Deserted beaches of pale sand, abandoned stone cottages, old roofless churches enclosed in ivy, clifftop farmhouses and trees covered in thick moss fly by. Seagulls congregate and follow moving tractor plows; robins chase sparrows in and out of bushes at the side of the trail.

If you pull over at Muasdale and walk down to the beach, you’ll see a gigantic weather-worn boulder in the sand. Lemon-coloured marsh marigolds and buttercups, pink vicia, herb robert and bramble flowers spring over the beach border. It’s gorgeous.

And that’s where we’ll stop, because that’s home. That’s where all our adventures begin.

Where would you live, if you could live anywhere?

Where would you live, if you could live anywhere?

Back in November 2017, I sent my dad a message.

“Where would you live if you could live anywhere?” I asked.

“Kintyre,” he replied, “Nobody ever thinks of Kintyre.”

Now, every morning when I wake up and look out of the window, I see the ocean, which is never the same twice. Sometimes, sea mist rolls in and settles on our little village, obscuring the view. On clear days, I can see the island of Cara three miles out, its craggy mull facing south. People say that Cara has a brownie living on it – but that’s for another post.

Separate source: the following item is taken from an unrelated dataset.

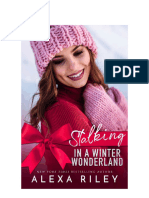 Alexa Riley - Stalking in A Winter Wonderland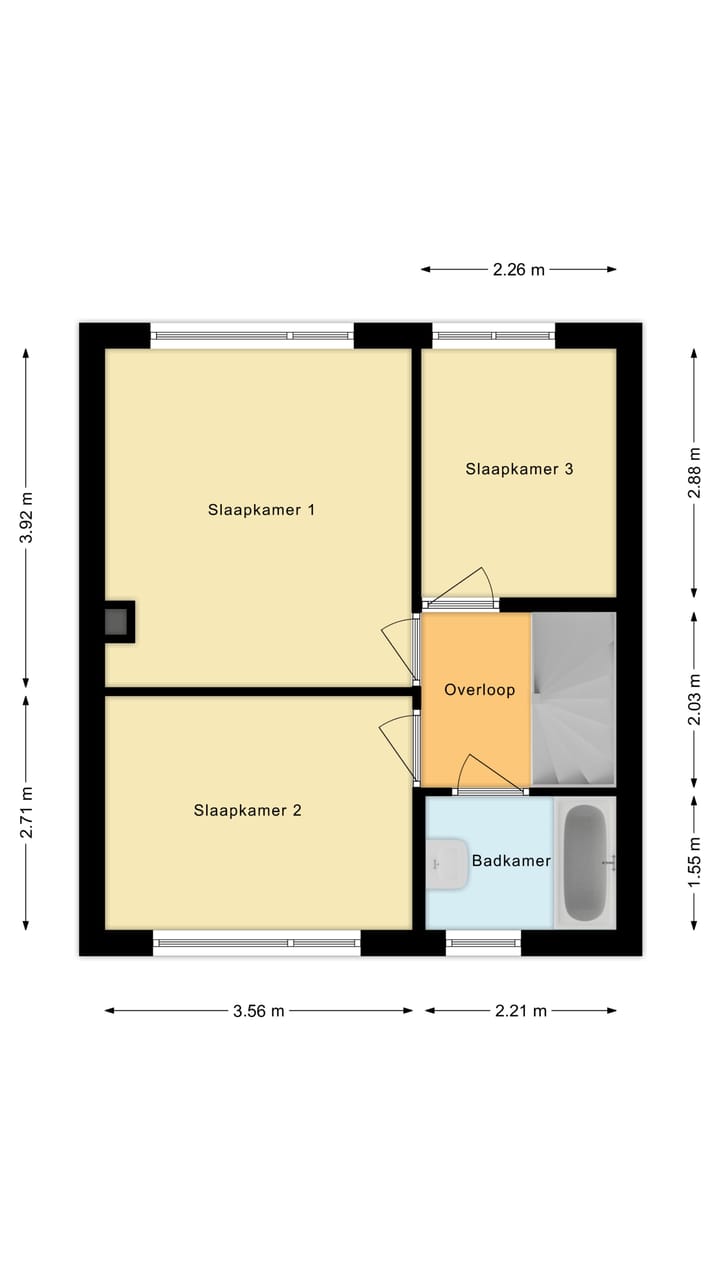 Foto 47 van Bartokstraat 10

Gigha lies a bit further north, with its secluded gardens, art gallery, post office and wind farm. If you wander down to the beach not far away, you can watch the little ro-ro ferry bobbing its way back and forth between Tayinloan and Ardminish. When the sea gets rough, Gigha’s inhabitants are left trapped on their six-mile-long island, reduced to a hopeful line of twinkling lights in the darkness of night.

Sometimes the ocean in front of me sits calm as a pane of glass, reflecting the sky like a mirror. When the wind kicks up, things get choppier and early on bright summer mornings, joyful little sailboats appear not far off shore. When the westerly gales roll in over the winter, the water turns a deep shade of green and covers the sand completely.

So, here we are, living out on the edge of the world. And it’s beautiful.